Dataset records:
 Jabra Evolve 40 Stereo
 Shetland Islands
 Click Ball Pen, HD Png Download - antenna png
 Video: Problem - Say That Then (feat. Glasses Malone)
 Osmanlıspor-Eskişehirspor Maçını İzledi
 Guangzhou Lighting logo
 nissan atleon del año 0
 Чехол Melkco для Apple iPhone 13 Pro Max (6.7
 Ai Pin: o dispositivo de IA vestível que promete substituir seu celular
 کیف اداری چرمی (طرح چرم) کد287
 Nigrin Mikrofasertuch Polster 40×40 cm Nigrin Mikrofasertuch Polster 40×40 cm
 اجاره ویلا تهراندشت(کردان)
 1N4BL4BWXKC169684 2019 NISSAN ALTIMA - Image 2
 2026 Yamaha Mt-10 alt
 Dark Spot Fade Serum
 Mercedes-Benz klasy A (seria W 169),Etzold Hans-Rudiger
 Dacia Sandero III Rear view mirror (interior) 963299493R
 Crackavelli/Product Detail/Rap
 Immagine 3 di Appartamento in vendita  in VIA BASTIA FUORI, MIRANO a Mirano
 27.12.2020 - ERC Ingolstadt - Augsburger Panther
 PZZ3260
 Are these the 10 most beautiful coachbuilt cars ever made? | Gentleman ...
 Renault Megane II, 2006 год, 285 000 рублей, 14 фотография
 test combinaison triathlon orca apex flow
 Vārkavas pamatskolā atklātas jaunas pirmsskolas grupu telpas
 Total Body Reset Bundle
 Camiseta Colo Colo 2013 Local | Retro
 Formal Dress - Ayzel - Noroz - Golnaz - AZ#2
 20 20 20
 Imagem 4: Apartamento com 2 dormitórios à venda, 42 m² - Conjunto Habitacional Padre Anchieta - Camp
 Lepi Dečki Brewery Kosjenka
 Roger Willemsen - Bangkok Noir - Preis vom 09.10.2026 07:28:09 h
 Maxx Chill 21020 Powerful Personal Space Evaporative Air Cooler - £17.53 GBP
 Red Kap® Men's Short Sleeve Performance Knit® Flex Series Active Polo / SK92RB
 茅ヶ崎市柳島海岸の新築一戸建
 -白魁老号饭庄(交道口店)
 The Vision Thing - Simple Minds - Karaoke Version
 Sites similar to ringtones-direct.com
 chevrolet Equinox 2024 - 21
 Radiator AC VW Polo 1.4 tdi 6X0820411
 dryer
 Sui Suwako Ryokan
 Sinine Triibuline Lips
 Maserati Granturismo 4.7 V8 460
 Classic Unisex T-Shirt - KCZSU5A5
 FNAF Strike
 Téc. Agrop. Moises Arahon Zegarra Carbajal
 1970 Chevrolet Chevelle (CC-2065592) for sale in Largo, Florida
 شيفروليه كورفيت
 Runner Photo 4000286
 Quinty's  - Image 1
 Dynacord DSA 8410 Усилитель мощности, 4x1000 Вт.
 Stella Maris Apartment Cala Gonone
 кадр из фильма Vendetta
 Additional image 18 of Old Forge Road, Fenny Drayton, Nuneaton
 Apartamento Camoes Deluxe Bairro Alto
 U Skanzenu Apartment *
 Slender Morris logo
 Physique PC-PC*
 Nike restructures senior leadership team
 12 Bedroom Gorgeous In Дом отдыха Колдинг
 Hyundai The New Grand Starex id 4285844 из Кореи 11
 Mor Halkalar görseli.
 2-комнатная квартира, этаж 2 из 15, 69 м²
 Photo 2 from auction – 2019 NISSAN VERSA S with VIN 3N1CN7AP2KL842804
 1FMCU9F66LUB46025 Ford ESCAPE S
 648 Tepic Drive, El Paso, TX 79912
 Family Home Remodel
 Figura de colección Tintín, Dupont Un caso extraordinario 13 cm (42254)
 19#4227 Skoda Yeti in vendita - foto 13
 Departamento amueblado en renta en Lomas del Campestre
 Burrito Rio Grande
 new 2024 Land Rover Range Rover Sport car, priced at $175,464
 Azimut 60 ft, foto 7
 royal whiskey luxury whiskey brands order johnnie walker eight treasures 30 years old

THE TASK:
Give back each entry so that it matches the original word for word.

ANSWER BELOW:
 Jabra Evolve 40 Stereo
 Shetland Islands
 Click Ball Pen, HD Png Download - antenna png
 Video: Problem - Say That Then (feat. Glasses Malone)
 Osmanlıspor-Eskişehirspor Maçını İzledi
 Guangzhou Lighting logo
 nissan atleon del año 0
 Чехол Melkco для Apple iPhone 13 Pro Max (6.7
 Ai Pin: o dispositivo de IA vestível que promete substituir seu celular
 کیف اداری چرمی (طرح چرم) کد287
 Nigrin Mikrofasertuch Polster 40×40 cm Nigrin Mikrofasertuch Polster 40×40 cm
 اجاره ویلا تهراندشت(کردان)
 1N4BL4BWXKC169684 2019 NISSAN ALTIMA - Image 2
 2026 Yamaha Mt-10 alt
 Dark Spot Fade Serum
 Mercedes-Benz klasy A (seria W 169),Etzold Hans-Rudiger
 Dacia Sandero III Rear view mirror (interior) 963299493R
 Crackavelli/Product Detail/Rap
 Immagine 3 di Appartamento in vendita  in VIA BASTIA FUORI, MIRANO a Mirano
 27.12.2020 - ERC Ingolstadt - Augsburger Panther
 PZZ3260
 Are these the 10 most beautiful coachbuilt cars ever made? | Gentleman ...
 Renault Megane II, 2006 год, 285 000 рублей, 14 фотография
 test combinaison triathlon orca apex flow
 Vārkavas pamatskolā atklātas jaunas pirmsskolas grupu telpas
 Total Body Reset Bundle
 Camiseta Colo Colo 2013 Local | Retro
 Formal Dress - Ayzel - Noroz - Golnaz - AZ#2
 20 20 20
 Imagem 4: Apartamento com 2 dormitórios à venda, 42 m² - Conjunto Habitacional Padre Anchieta - Camp
 Lepi Dečki Brewery Kosjenka
 Roger Willemsen - Bangkok Noir - Preis vom 09.10.2026 07:28:09 h
 Maxx Chill 21020 Powerful Personal Space Evaporative Air Cooler - £17.53 GBP
 Red Kap® Men's Short Sleeve Performance Knit® Flex Series Active Polo / SK92RB
 茅ヶ崎市柳島海岸の新築一戸建
 -白魁老号饭庄(交道口店)
 The Vision Thing - Simple Minds - Karaoke Version
 Sites similar to ringtones-direct.com
 chevrolet Equinox 2024 - 21
 Radiator AC VW Polo 1.4 tdi 6X0820411
 dryer
 Sui Suwako Ryokan
 Sinine Triibuline Lips
 Maserati Granturismo 4.7 V8 460
 Classic Unisex T-Shirt - KCZSU5A5
 FNAF Strike
 Téc. Agrop. Moises Arahon Zegarra Carbajal
 1970 Chevrolet Chevelle (CC-2065592) for sale in Largo, Florida
 شيفروليه كورفيت
 Runner Photo 4000286
 Quinty's  - Image 1
 Dynacord DSA 8410 Усилитель мощности, 4x1000 Вт.
 Stella Maris Apartment Cala Gonone
 кадр из фильма Vendetta
 Additional image 18 of Old Forge Road, Fenny Drayton, Nuneaton
 Apartamento Camoes Deluxe Bairro Alto
 U Skanzenu Apartment *
 Slender Morris logo
 Physique PC-PC*
 Nike restructures senior leadership team
 12 Bedroom Gorgeous In Дом отдыха Колдинг
 Hyundai The New Grand Starex id 4285844 из Кореи 11
 Mor Halkalar görseli.
 2-комнатная квартира, этаж 2 из 15, 69 м²
 Photo 2 from auction – 2019 NISSAN VERSA S with VIN 3N1CN7AP2KL842804
 1FMCU9F66LUB46025 Ford ESCAPE S
 648 Tepic Drive, El Paso, TX 79912
 Family Home Remodel
 Figura de colección Tintín, Dupont Un caso extraordinario 13 cm (42254)
 19#4227 Skoda Yeti in vendita - foto 13
 Departamento amueblado en renta en Lomas del Campestre
 Burrito Rio Grande
 new 2024 Land Rover Range Rover Sport car, priced at $175,464
 Azimut 60 ft, foto 7
 royal whiskey luxury whiskey brands order johnnie walker eight treasures 30 years old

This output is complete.